→ Aim of the task:
Dropping every picture, set down exactly the lines in the entries below, starting with the line with "this 1008×1190 image." and going on through the line with "this 640×480 image.".

→ Data shown:

_____

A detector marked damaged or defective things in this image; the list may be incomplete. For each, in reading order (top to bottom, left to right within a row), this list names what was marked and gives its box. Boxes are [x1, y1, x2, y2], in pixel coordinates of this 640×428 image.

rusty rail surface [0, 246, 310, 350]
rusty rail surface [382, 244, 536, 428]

_____

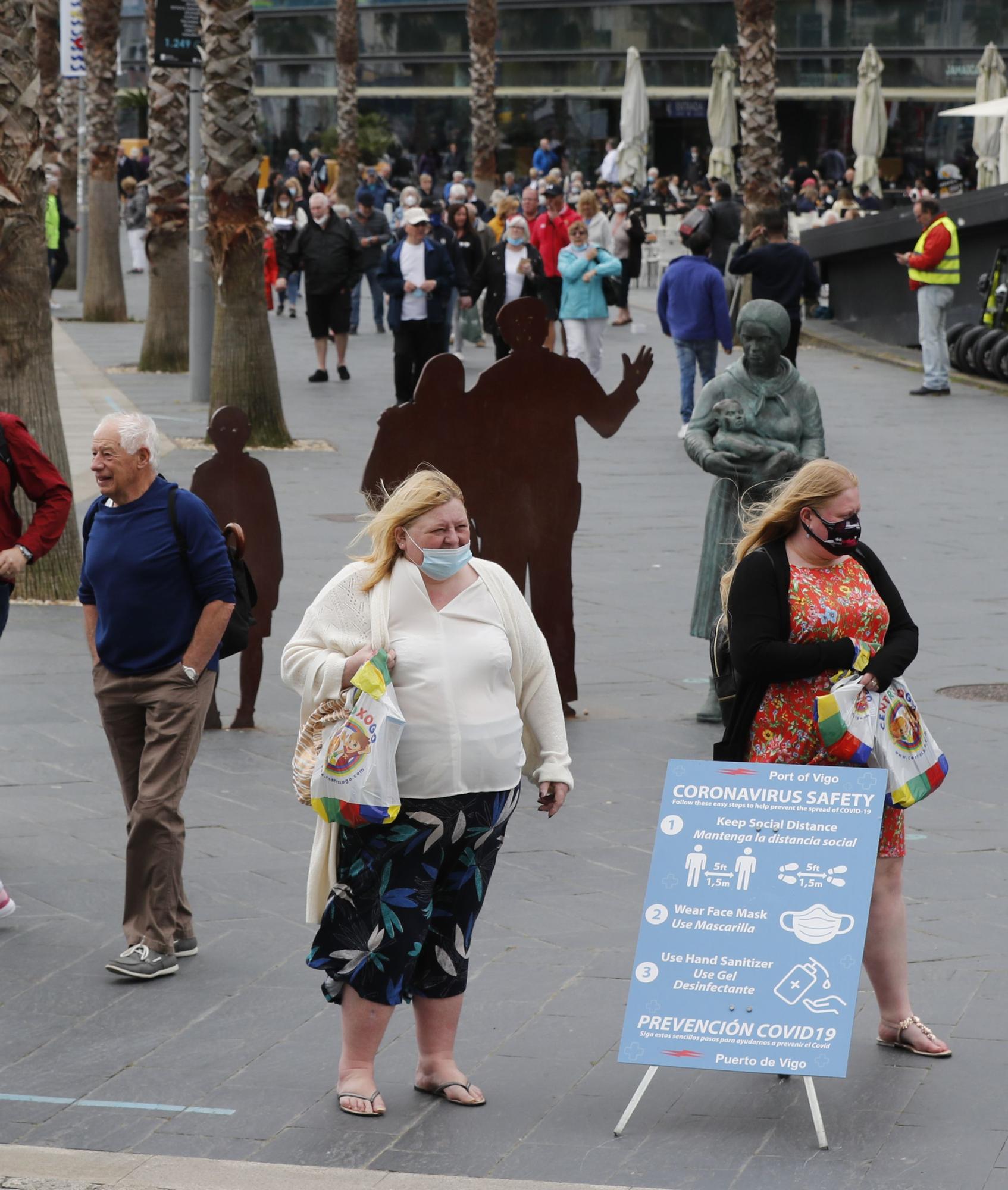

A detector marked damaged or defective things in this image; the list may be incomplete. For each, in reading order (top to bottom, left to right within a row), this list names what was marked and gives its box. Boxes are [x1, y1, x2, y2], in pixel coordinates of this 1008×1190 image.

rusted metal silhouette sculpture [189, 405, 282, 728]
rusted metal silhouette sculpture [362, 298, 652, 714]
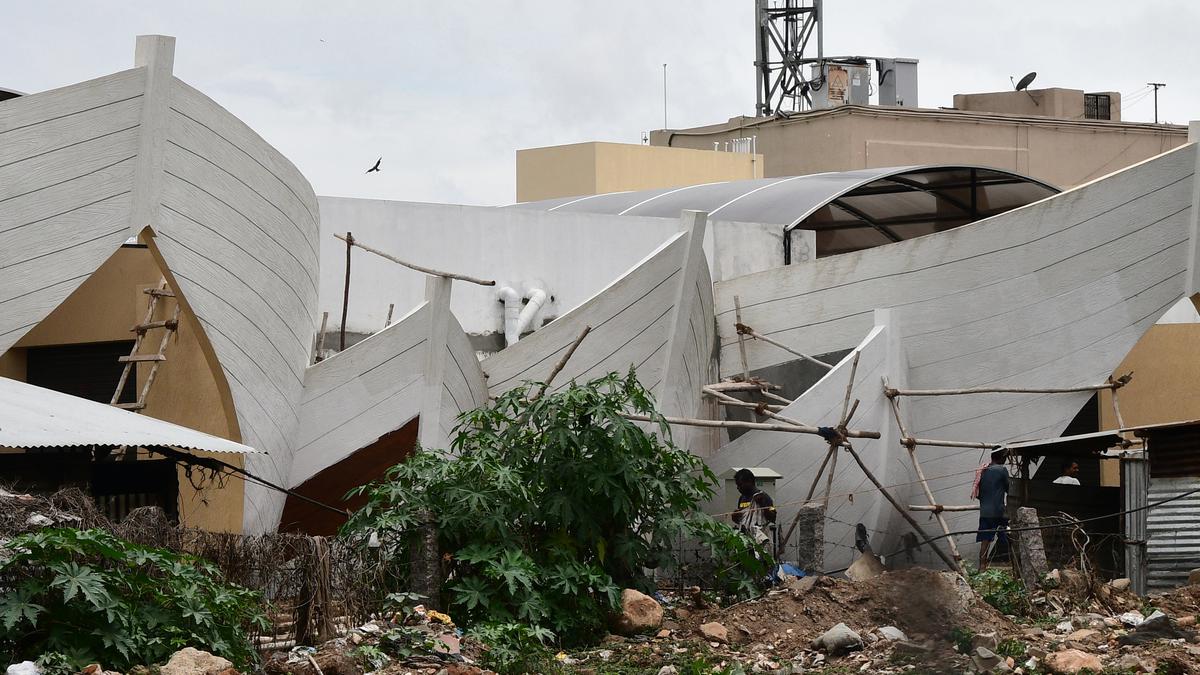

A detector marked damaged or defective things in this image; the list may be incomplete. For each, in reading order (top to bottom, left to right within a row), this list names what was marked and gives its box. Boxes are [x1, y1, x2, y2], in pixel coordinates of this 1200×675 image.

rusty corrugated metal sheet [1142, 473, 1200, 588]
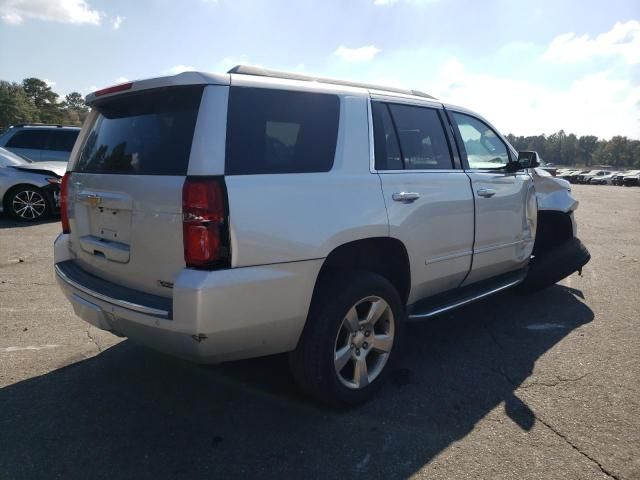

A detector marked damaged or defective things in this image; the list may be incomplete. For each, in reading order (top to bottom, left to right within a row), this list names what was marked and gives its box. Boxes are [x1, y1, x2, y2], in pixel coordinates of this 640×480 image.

_____

→ Exercise solution:
A detector marked damaged or defective things in this image; the list may be incomplete. For each, in reading order (top to bottom, left to right within a row), this list names what was marked and gives its box. Boxes are [x1, y1, x2, y2], in pixel coordinates of this 1008×1190 image.

rusted metal silhouette sculpture [189, 405, 282, 728]
rusted metal silhouette sculpture [362, 298, 652, 714]

A detector marked damaged or defective things in this image; the list may be incomplete. For each, in reading order (top to bottom, left to right within a row), this list names what was marked and gives its box. Boxes are [x1, y1, x2, y2], in pixel coordinates of this 1200×675 image.

rusty corrugated metal sheet [1142, 473, 1200, 588]

A detector marked damaged or defective things in this image; the list may be incomplete. For each, in reading order (top to bottom, left to right within a row), this list names what was marked and gives its box. Boxes are [x1, y1, x2, y2], in pixel coordinates of this 640×480 image.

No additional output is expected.